European shopping-center business conditions remain firmly in contraction, although the pace of decline has slowed since last month, according to the March International Council of Shopping Centers (ICSC) pan-European survey of shopping-center industry business conditions.

ICSC’s Euro-Shop Index, the survey’s summary index of current and future business conditions, continued to decline, albeit the pace has slowed. Market sentiment was similarly gloomy a year ago.

Current conditions are particularly tough. Although the end of the month may have seen an improvement in sales and footfall due to the Easter break; this was too late to filter through into this month’s survey results, compiled from responses of European shopping-center executives collected between 14–31 March 2013.

The one bright aspect emerging from the survey is that the market is not expected to deteriorate further over the coming six months according to the Expectations Index, which makes up part of the Euro-Shop Index. Despite the growing unemployment rate in the Eurozone, which according to Eurostat, reached a record high of 12% in February, shopping-center executives are feeling optimistic that business conditions are not expected to weaken further.

The Euro-Shop Current-Conditions Index, another part of the Euro-Shop Index and measures the performance of four components (sales, footfall, occupancy and re-leasing rent), is still well in decline. Following on from last month’s sudden acute drop in performance, all four industry indicators continued to contract in March though the pace of decline decelerated for sales and occupancy.

The lack of footfall in shopping centers is likely to be a consequence of the recent unseasonably cold weather, which is either delaying demand for spring apparel or perhaps shifting it online as consumers look to avoid venturing outdoors.

This level of confidence in the industry is perhaps surprising given the ongoing economic difficulties being faced by a number of European countries. The current financial crisis in Cyprus has led to the EU and International Monetary Fund stepping in with a 10 billion euro bailout deal. The short term outlook for the country looks incredibly bleak as restrictions on bank accounts remain in place and confidence in the banking system is at an all-time low. Some forecasters have estimated a 20% shrinkage in the country's GDP as a result.

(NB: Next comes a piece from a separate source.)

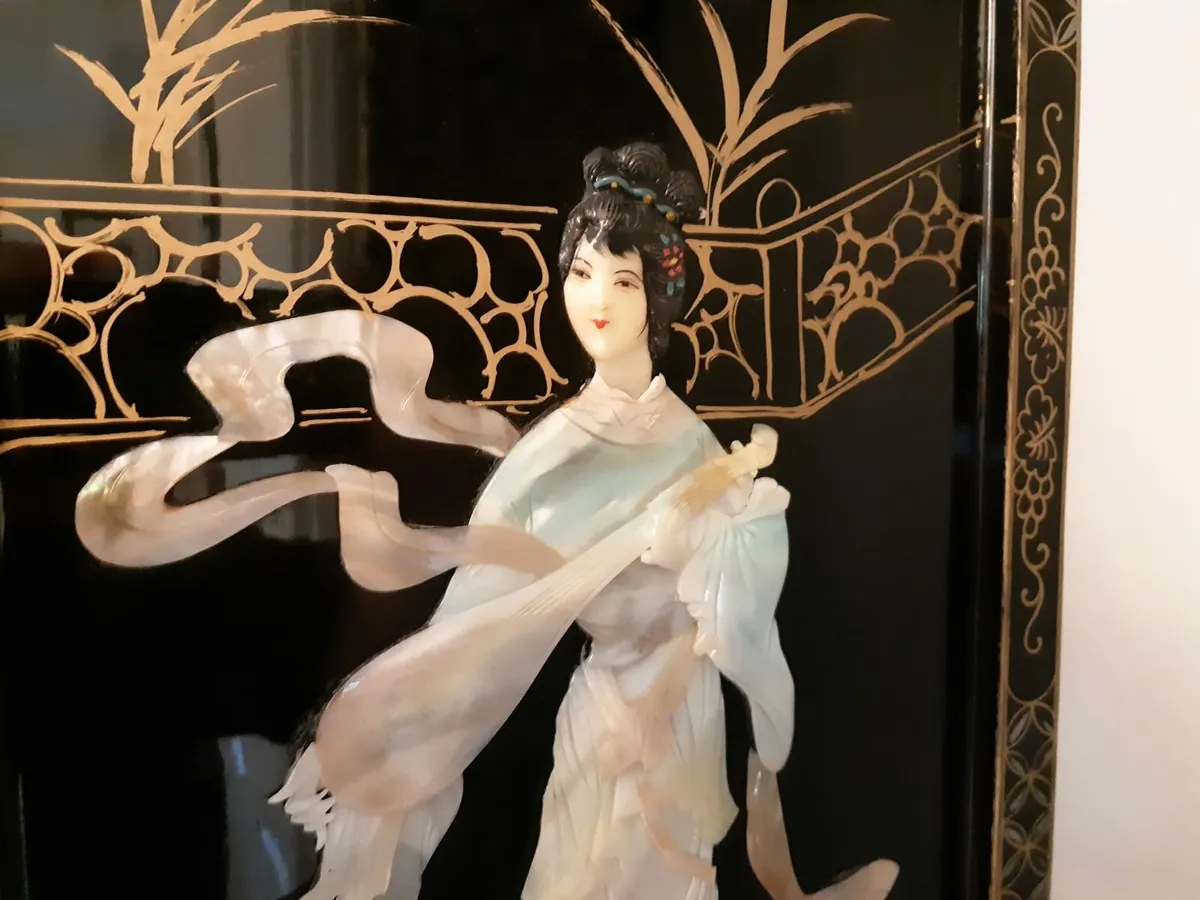 Rare 1950's Vintage Chinoiserie Asian Wall Art. - Image 4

There is also the issue of the current political stalemate in Italy that some commentators believe could undermine the European Central Bank’s efforts to stabilize the euro-zone economy. Indeed, over two thirds of shopping-center executives who responded to our survey expressed concern that the situation could reignite the debt crisis. These issues will be debated in depth by the over 600 delegates expected at the upcoming ICSC European Conference from 16-18 April in Stockholm.